Path to dataset files: /kaggle/input/mit-plagairism-detection-dataset


In [8]:
import pandas as pd

file_path = '/kaggle/input/mit-plagairism-detection-dataset/train_snli.txt'

# Load the dataset
data = []

with open(file_path, 'r', encoding='utf-8') as f:
    for line in f:
        parts = line.strip().split('\t')
        if len(parts) == 3:
            s1, s2, label = parts
            combined_text = s1 + " " + s2
            data.append({'text': combined_text, 'label': int(label)})

df = pd.DataFrame(data)
print(df.head())


                                                text  label
0  A person on a horse jumps over a broken down a...      0
1  A person on a horse jumps over a broken down a...      1
2  Children smiling and waving at camera There ar...      1
3  Children smiling and waving at camera The kids...      0
4  A boy is jumping on skateboard in the middle o...      0


In [9]:
import torch
import torch.nn as nn
from torch.utils.data import Dataset, DataLoader, random_split
from transformers import BertTokenizerFast
from sklearn.metrics import accuracy_score
from tqdm import tqdm

device = torch.device("cuda" if torch.cuda.is_available() else "cpu")


In [10]:
from huggingface_hub import login
from google.colab import userdata

hf_token = userdata.get('huggingface')  # This pulls the secret from Colab secrets
login(token=hf_token)


In [11]:
# Step 3: Tokenization
tokenizer = BertTokenizerFast.from_pretrained("bert-base-uncased")

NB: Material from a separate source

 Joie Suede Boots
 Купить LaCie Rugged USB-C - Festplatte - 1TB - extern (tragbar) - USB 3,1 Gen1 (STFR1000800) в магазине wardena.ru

class PlagiarismDataset(Dataset):
    def __init__(self, texts, labels, tokenizer, max_len=128):
        self.encodings = tokenizer(texts, truncation=True, padding='max_length', max_length=max_len, return_tensors='pt')
        self.labels = torch.tensor(labels)

    def __len__(self):
        return len(self.labels)

    def __getitem__(self, idx):
        return {
            'input_ids': self.encodings['input_ids'][idx],
            'attention_mask': self.encodings['attention_mask'][idx],
            'labels': self.labels[idx]
        }

dataset = PlagiarismDataset(df['text'].tolist(), df['label'].tolist(), tokenizer)


In [7]:
# Step 4: Train/Test Split
train_size = int(0.8 * len(dataset))
val_size = len(dataset) - train_size
train_dataset, val_dataset = random_split(dataset, [train_size, val_size])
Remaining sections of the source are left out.